PHILADELPHIA—Using data, rather than collecting it, was on several attendees’ minds Monday at the Biotechnology Industry Organization conference here, but ideas about the best way forward may be headed for a clash.
Scientists today can generate data in a single afternoon that previously would have required years of work and been considered worthy of a doctoral thesis. But no one seems to be using this data well, largely because neither intellectual property law, information systems nor scientific training allow researchers to wrest valuable secrets from these masses of data.
“We can generate huge amounts of data, far more than we can interpret,” said Duncan McHale, director of clinical
pharmacogenomics at Pfizer Global R&D, who spoke at a panel on industry-academia relationships.
But McHale said companies hold onto the data as proprietary rather than share it in a way that might make trials faster and avoid years on drugs making more and more mistakes.
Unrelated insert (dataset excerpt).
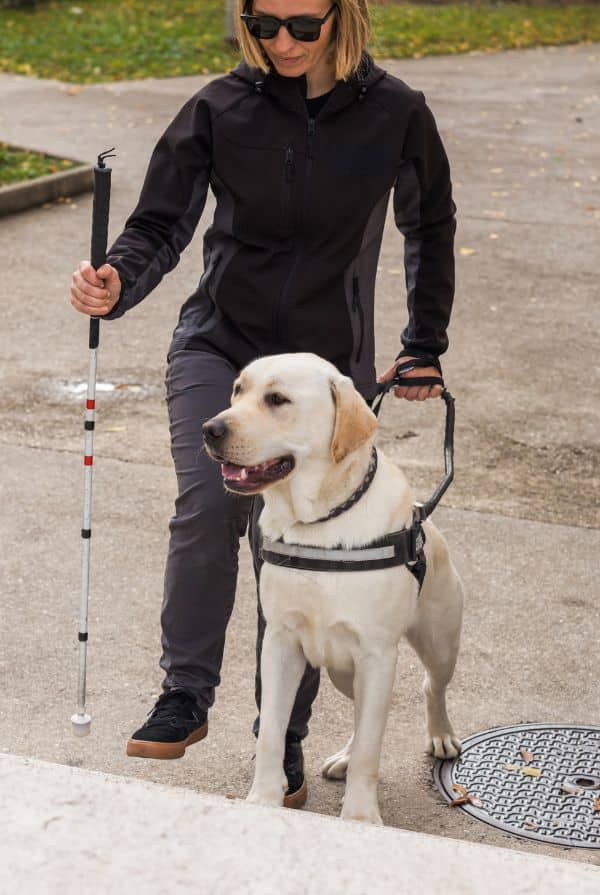 chien guide auprès d'une malvoyante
The drug industry is reinventing a lot of wheels, and some expensive ones at that.
The industry needs to find a way to make data “precompetitive,” he said. Drug executives must be trained to find ways to share data so that any common gain that comes from data mining is not seen as a private loss.
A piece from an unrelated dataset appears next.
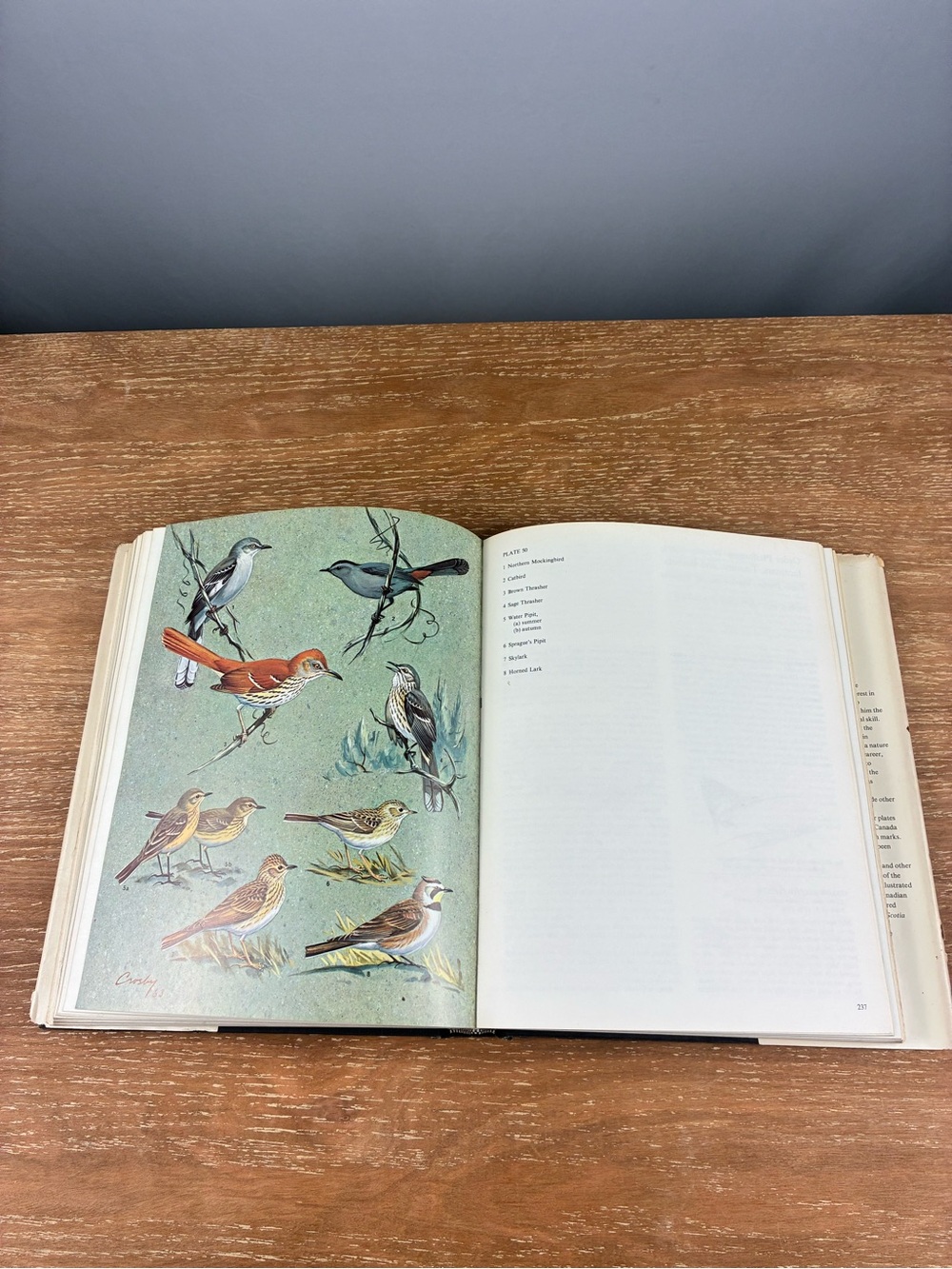 The Birds of Canada by W. Earl Godfrey – Vintage 1966 Hardcover - Picture 12 of 13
McHale said drug executives worry that they could be penalized with patent licenses for the very data they generate if they put it into a common repository that other companies use to generate predictive tests or novel tools. The fear comes out of patenting activity in the early days of genetic sequencing, when researchers would put intellectual property over a series of genetic letters.
Technology required sequencing genes in pieces, and researchers would file patents on pieces, without a clear idea of what the gene did or how knowledge of its sequence could be used to make drugs. Even today, researchers are not always certain of when they are infringing on another’s patent.
McHall said he can imagine researchers poring through data, automatically generating measurements that might predict drug response or susceptibility to disease, and then patenting the use of those measurements.
For this reason, “People should not be able to dive into a database and pull out a patent,” McHall said. Instead, people who obtain patents should do confirmatory experiments to demonstrate that a tool is robust.
But even as drug industry executives called on mathematicians and computer scientists to join their ranks, a conceptual divide was apparent.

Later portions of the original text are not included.